#### Assignment:
From the first line of the records below through the line with "PILLSBURY VANILLA OVEN CAKE MIX 225 G", output each line exactly; skip the pictures.

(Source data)
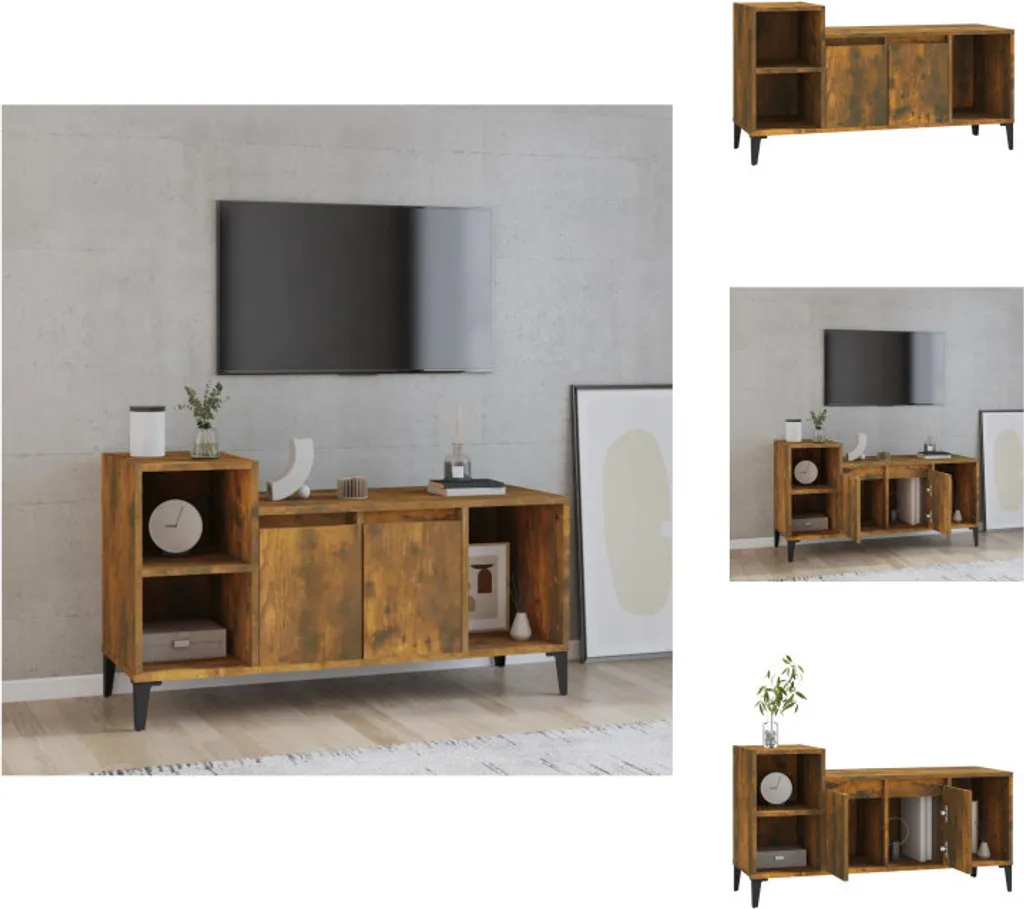 Mobile Porta TV vidaXL Rovere Fumé: Recensione e Dimensioni 100cm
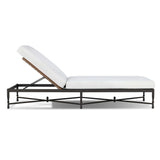Breton Outdoor Chaise, Alessi Linen by Amber Lewis x Four Hands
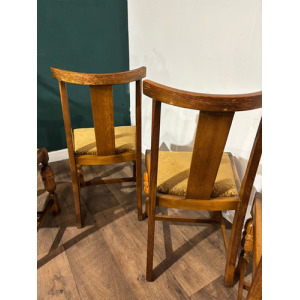 Vintage Honey Oak Dining Chairs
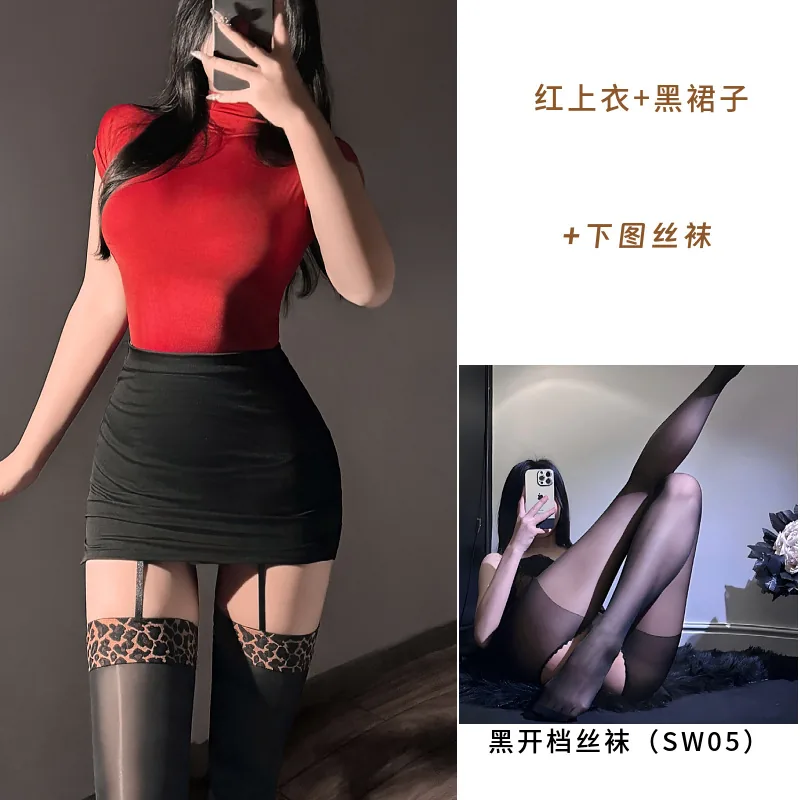 Minivestido de Fantasia de Secretária Justo ao Corpo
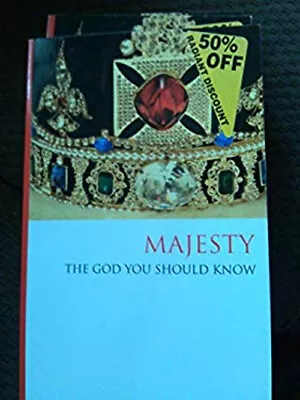 Majesty : The God You Should Know Paperback J. Sidlow Baxter • $11.60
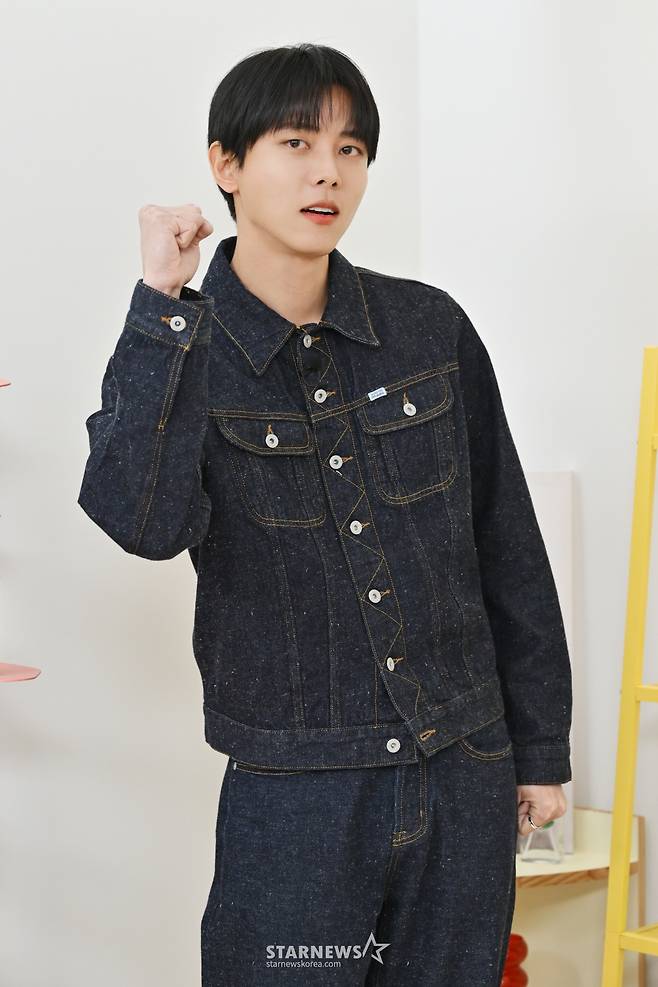 방송인 주우재가 2일 오전 온라인으로 진행된 KBS 2TV 예능 '옥탑방의 문제아들' 제작발표회에 참석해 포즈를 취하고 있다. /사진제공=KBS 2025.04.02 /사진=이동훈 photoguy@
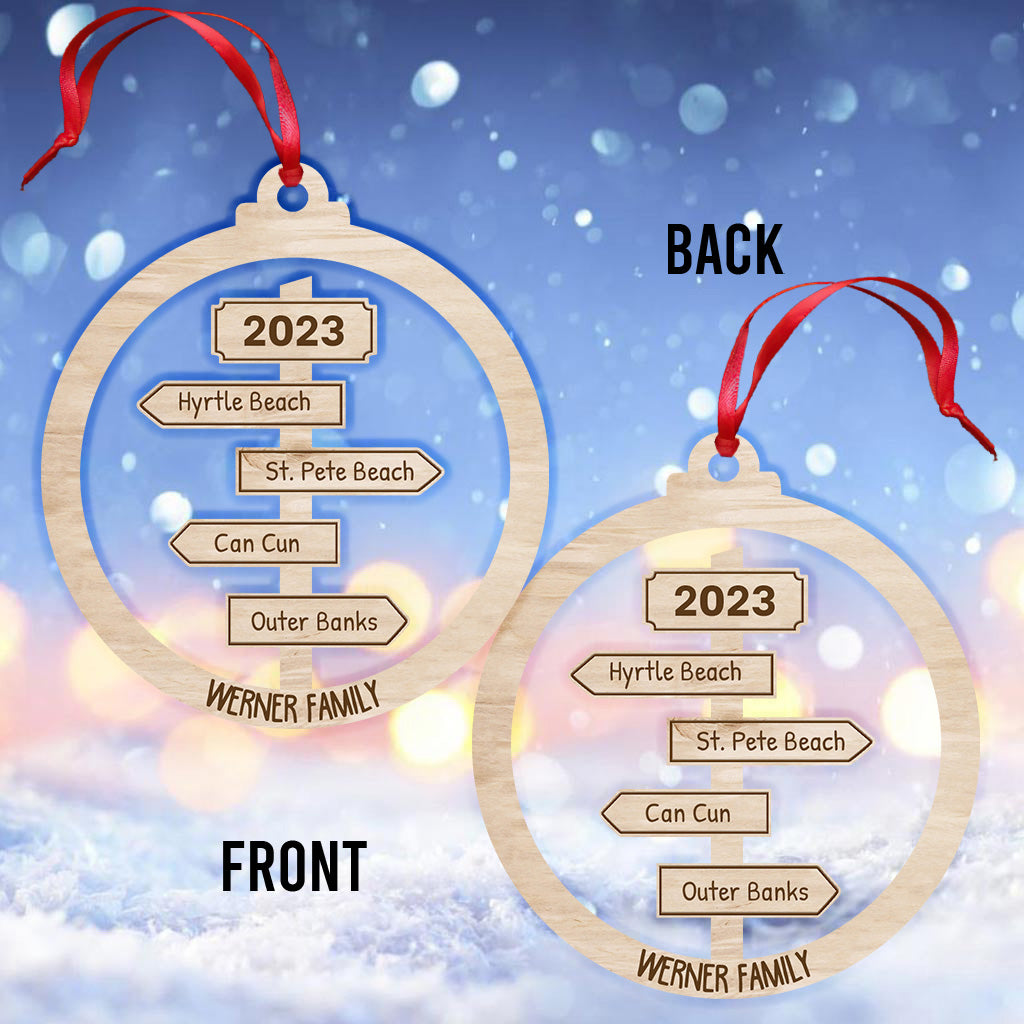 Favorite Adventure - Personalized Travelling Ornament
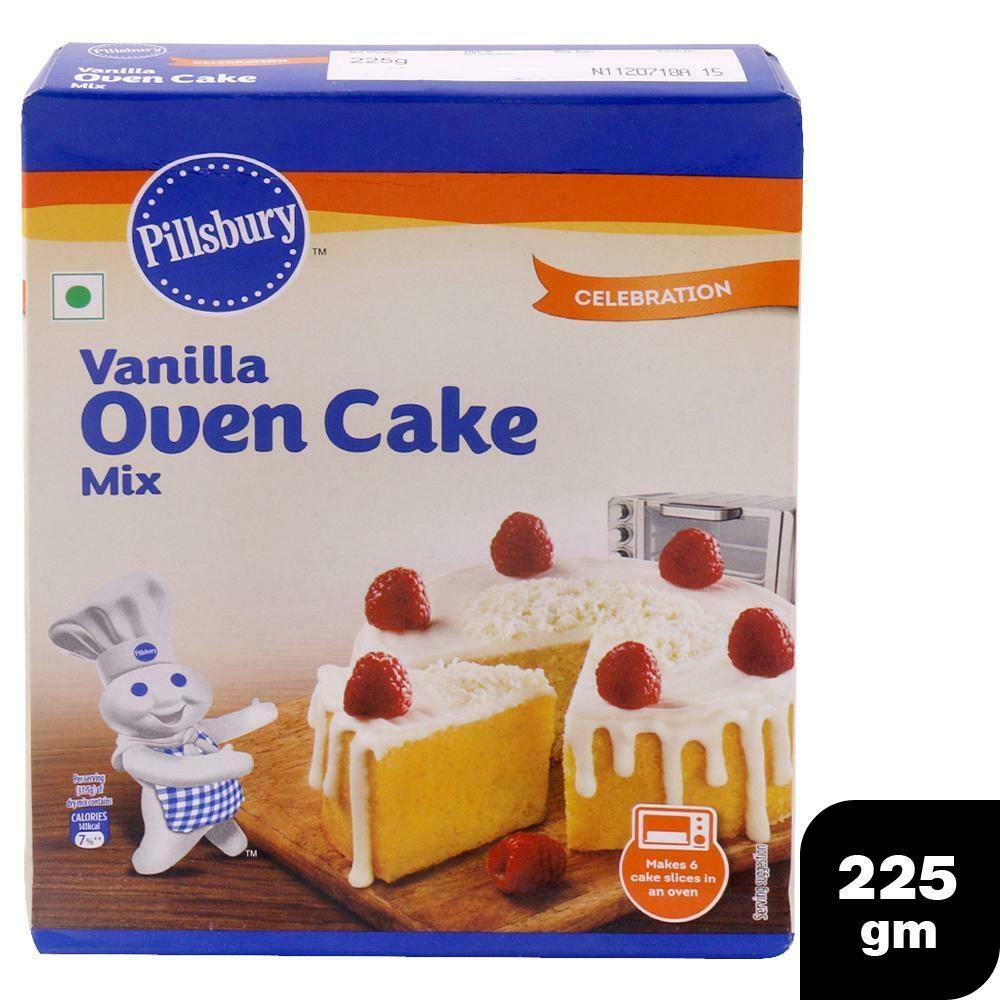 PILLSBURY VANILLA OVEN CAKE MIX 225 G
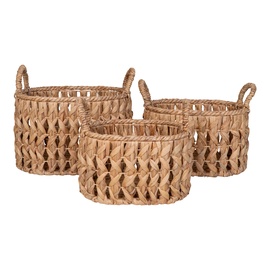 Korvide komplekt, esemete hoidmiseks House Nordic 4401552, beež, 36 x 46 x 30 cm, 26 x 36 x 21 cm/31 x 41 x 24 cm/36 x 46 x 30 cm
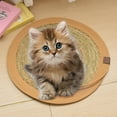 thumbnail image 2 of asddcavvf Cat Scratching Mat | Sisal Scratcher Pad for Cats | Large Reversible Scratch Mat To Furniture Damage | for Indoor Cats and Pet Owners for Blind Dogs Get up and Go Cat Lotion Rope Dog, 2 of 4
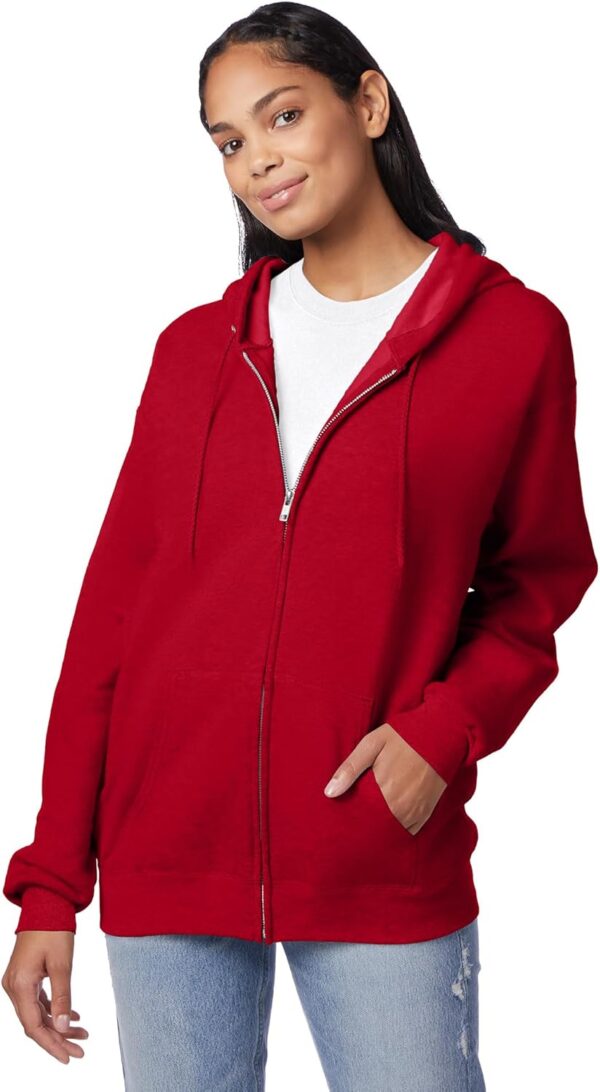 Hanes Men’s EcoSmart Fleece Full-Zip Hoodie Sweatshirt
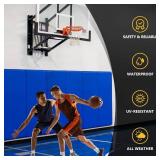 $122 1 pc Gym Padding, Basketball Court Wall Pad - 2" Thick Protector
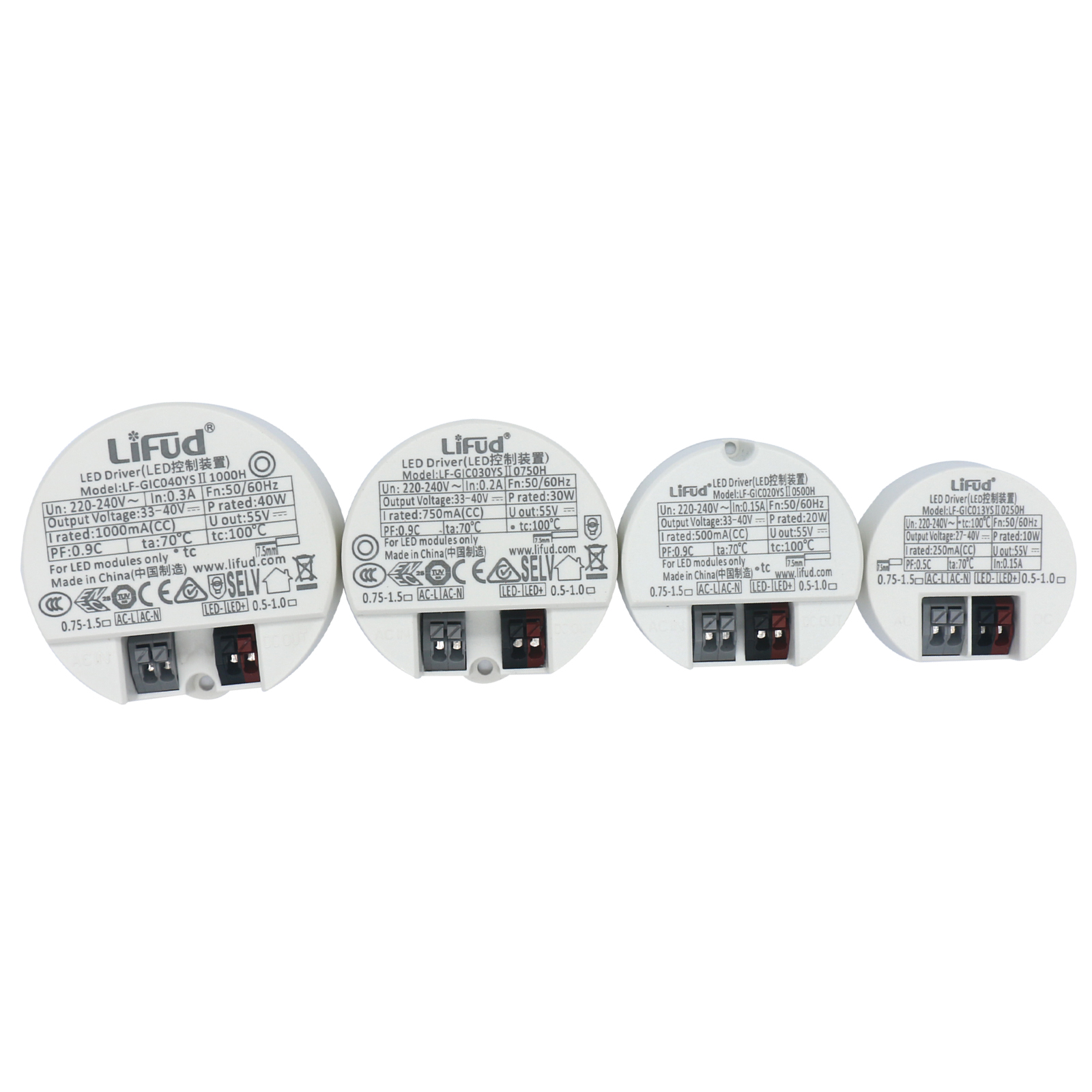 Pilote LED 40W 30W 20W 18W 14W 12W 10W DC33-40V, alimentation de plafond, transformateurs d'éclairage AC220-240V, projecteur LED à monter soi-même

#### Solution below:
 Mobile Porta TV vidaXL Rovere Fumé: Recensione e Dimensioni 100cm
Breton Outdoor Chaise, Alessi Linen by Amber Lewis x Four Hands
 Vintage Honey Oak Dining Chairs
 Minivestido de Fantasia de Secretária Justo ao Corpo
 Majesty : The God You Should Know Paperback J. Sidlow Baxter • $11.60
 방송인 주우재가 2일 오전 온라인으로 진행된 KBS 2TV 예능 '옥탑방의 문제아들' 제작발표회에 참석해 포즈를 취하고 있다. /사진제공=KBS 2025.04.02 /사진=이동훈 photoguy@
 Favorite Adventure - Personalized Travelling Ornament
 PILLSBURY VANILLA OVEN CAKE MIX 225 G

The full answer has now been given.